Championships and Cruise Ships

July 24, 2010
admin

photo by Braínne Edge

A correlation between leaving different experiences…based on the Blue Man Group phenomenon (and maybe the Office Olympics episode of the US version of The Office).

If you read my A Week In Philly post you know a little bit about the experience and how it can relate to drug addiction, or just addiction in general. Today I was chatting with a good friend (met at, and almost exclusively seen and CSz Championships over the years) about various things. She will be leaving very soon to work on a cruise ship and I was giving what I thought was good advice and a comparison to non-ship life. It turned out it was a fairly good comparison to the Championship as well and she said “I smell a blog post.”

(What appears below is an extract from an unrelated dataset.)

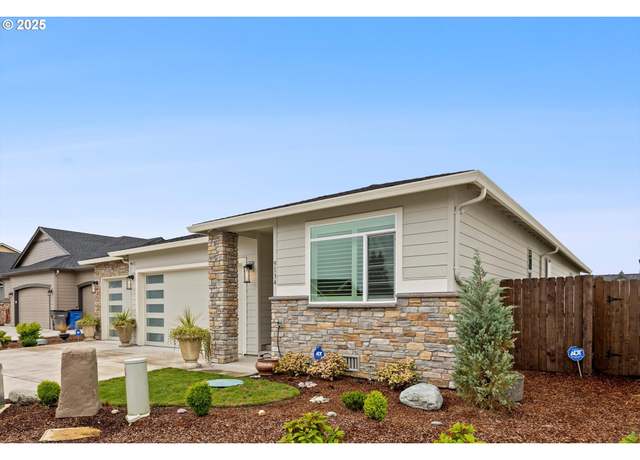 Property at 9134 NE 168th Ct, Vancouver, WA 98682, 3 beds, 2.5 baths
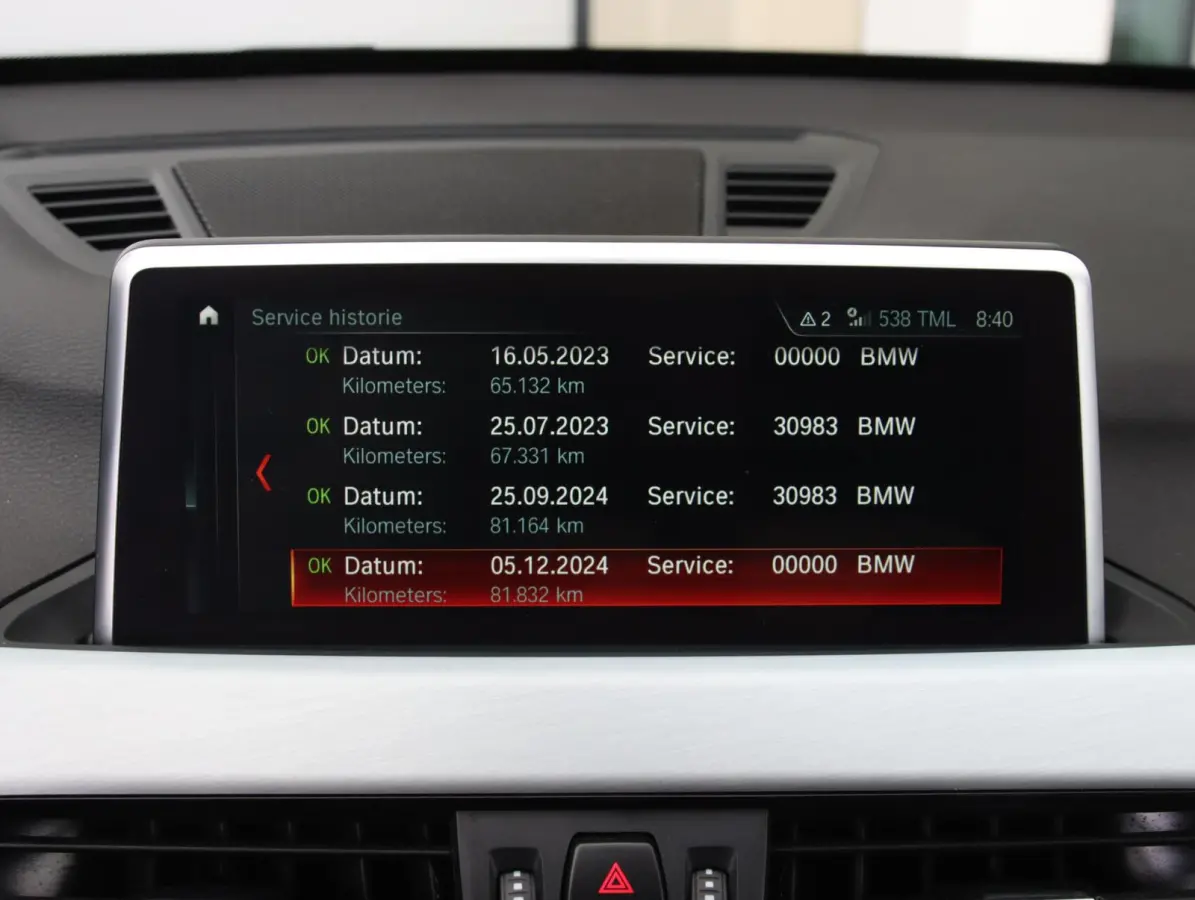 xDrive20i 192PK High Executive X-line | Apple Carplay | Trekhaak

I was mainly trying to describe how I perceived relationships between crew members on a ship. Of course, I’ve always been with Deanna on the ships, but that almost gives me better perspective because I can see it all unfolding in front of me without being caught up in it.

Basically I said that relationships are almost guaranteed to happen on ships. Working 4-8 months on a cruise ship can be a little stressful at times, and lonely if you’re single…and VERY lonely if you’re not single but your significant other is not on the ship. This also means you’re surrounded by other crew who are going through the same stress meaning you have a major part of your life in common…you can both relate in understanding the stress. Add that to cheap drinks in the crew bar and boom…relationship.

That part is easy. Blue Man (and maybe that Office episode) come into play at the end of your contract…when you come back to real life.

If you haven’t seen Blue Man Group, you should. I’ve seen it at least four times and I love it. The Chicago theater also used to be on the way to the old ComedySportz theater so I would see this phenomenon all the time.

The Blue Man Group show is an experience that unifies the audience in that “We all just experience this together! We are all the same!” kind of way.

SPOILER ALERT

At the end of the show multiple rolls of slightly-stronger-than-toilet-paper are hit by air from fans and the paper makes its way toward the stage over the heads of the entire audience. It is a LOT of paper, covering the audience like a blanket. What? There is PAPER coming from the WALL! It is very exciting.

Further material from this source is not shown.